Monday, August 11, 2008

Flavor of the Month


Toast_Brand_02
Originally uploaded by Josh Beeman

Sometime in the 1930's various ice cream companies began advertising campaigns featuring an ice cream flavor of the month. Each month people would look forward to the new flavor of the month that would be featured in their local ice-cream parlor. Baskin Robbins still uses a form of this today.

The thing about the flavor of the month is that it's temporary. It isn't consistent or something you can count on. It can be exciting initially, but there's really no guarantees. It's just what it says it is. It's the flavor, or perhaps better stated, the focus of the month. Once the month is over, the masses will move on to the next flavor.

With many businesses there's a tendency to react to each issue with a flavor of the month strategy. Instead of encouraging consistency in performance, even creativity in how that performance is done too many businesses focus on one emergency (flavor) for a brief period of time then move on to the next... um... flavor.

Exhibits A, B, and C.
In the transportation industry?
Issue: Accidents are up.
Solution:
Inundate all employees with meetings, e-mails, and more meetings demanding that accidents be reduced by regaining focus on the basics.
Result: Accidents are reduced. But after the meetings and e-mails have died down and the flavor has long been forgotten, there will come a time to ratchet up the rhetoric again.

In the public education system?
Issue: American students consistently grade low in mathematics.
Solution: Inundate the politicians with pleas for more money, demand updated textbooks, and use a carefully crafted PR campaign to get the politicians to give more money.
Result: More money is gained and spent. Testing results seem to improve slightly, but there once the flavor has lost it's luster there will come a time to ratchet up the rhetoric again.

In the retail box-store business?
Issue: Sales are down for the quarter.
Solution: Inundate the public with cleverly crafted marketing campaigns, cut employee hours, and if you are able have one employee perform multiple functions over multiple departments.
Result: Sales go up briefly. But customer service suffers and in the long run, once the flavor of the month has passed, the customers will quit coming back.
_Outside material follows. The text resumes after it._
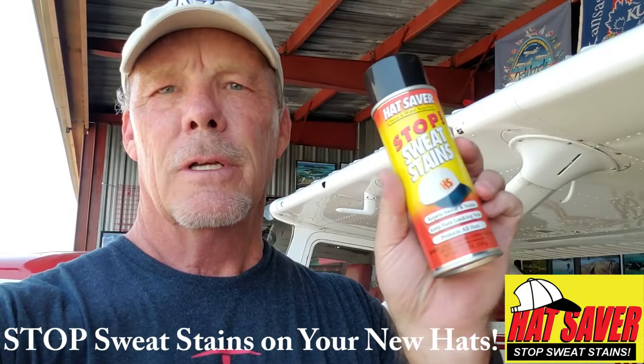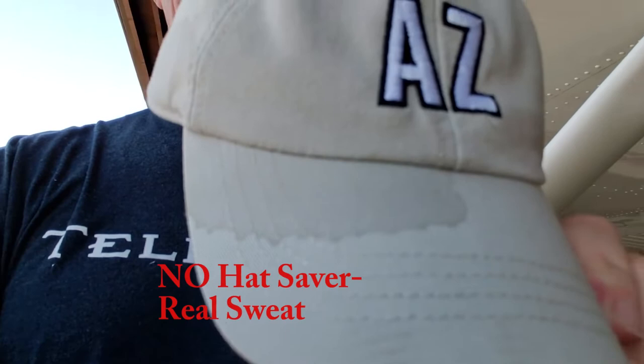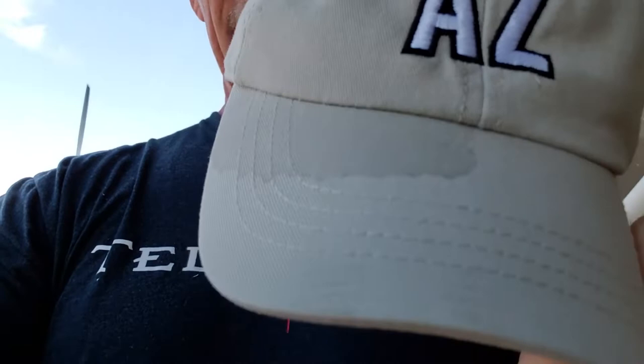Hey everybody. I wanted to make a new demo hat for my Hat Saver product, so what better place to do that than in a hangar at 110 degrees. We've sprayed one half of this hat with Hat Saver and nothing on the other side. This is real live sweat that has come through in about two and a half hours.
I think you know what comes next.

The fact is, so many businesses settle for the quick fix. They turn an issue into the flavor of the month. Each employee is expected to do their part for that time period, but once there seems to be no emergency it's back to business as usual. The month is over. It's on to another flavor.

Here's the scoop!
Flavors of the month work well when you want to boost your rocky road ice cream sales, but aren't the best practice when it comes to creating real solutions to real problems. Your employees won't pay any attention to your e-mails and simply wait out the latest barrage of safety meetings. Your teachers won't be motivated to work on new teaching methods because in the end, their school will get more money from the politicians. Your customers won't have any motivation to return because in the end you're selling them the same thing, with less customer service.

2 comments:

Chris said...

Why do companies (and whole industries) work so hard NOT to change their cultures in response to these types of "emergencies"?
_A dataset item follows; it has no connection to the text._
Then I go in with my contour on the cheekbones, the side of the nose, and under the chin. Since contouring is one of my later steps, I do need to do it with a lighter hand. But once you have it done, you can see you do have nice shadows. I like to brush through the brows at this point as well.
Instead, so much time and energy is spent flailing wildly about the "issue of the day/week/month", there's no resources left to improve at a basic level.
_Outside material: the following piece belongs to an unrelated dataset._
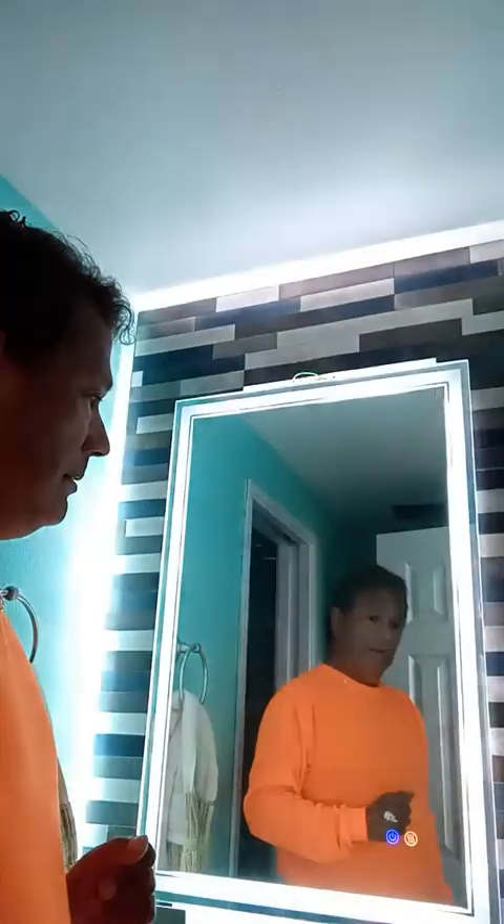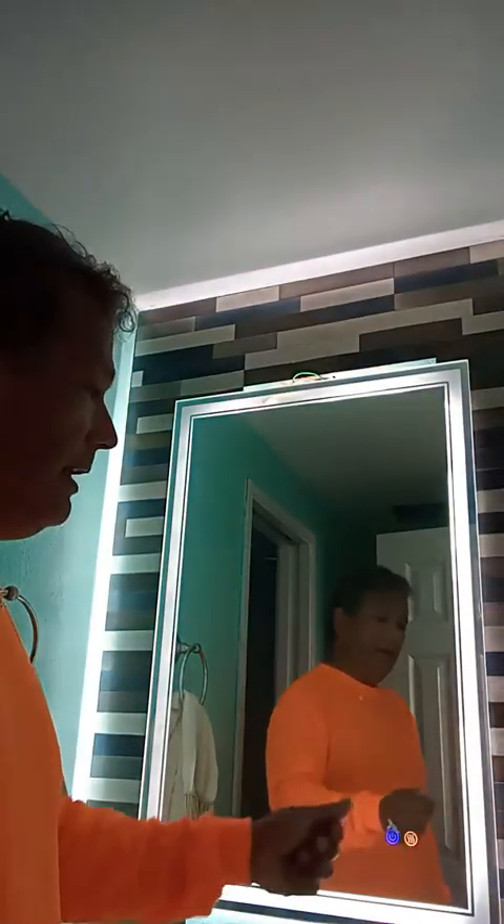The anti-fog will not turn back on automatically if you turn the switch off. See — only the light comes on; the anti-fog button you have to press manually each time.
So continues the cycle, ad nauseum.

Anonymous said...

The corporate system definitely does reward patches more than deep structural changes because the latter is measurable NOW, and will protect the people involved at an individual level at least. More entrepreneurial organizations are often more flexible with such changes because of their smaller size and genuine concern for the company they have vested interest in, which is why the "flavor of the week" initiatives aren't such a concern in that case. Great post, and as always, excellent photo/text combos give your blog a good sense of depth!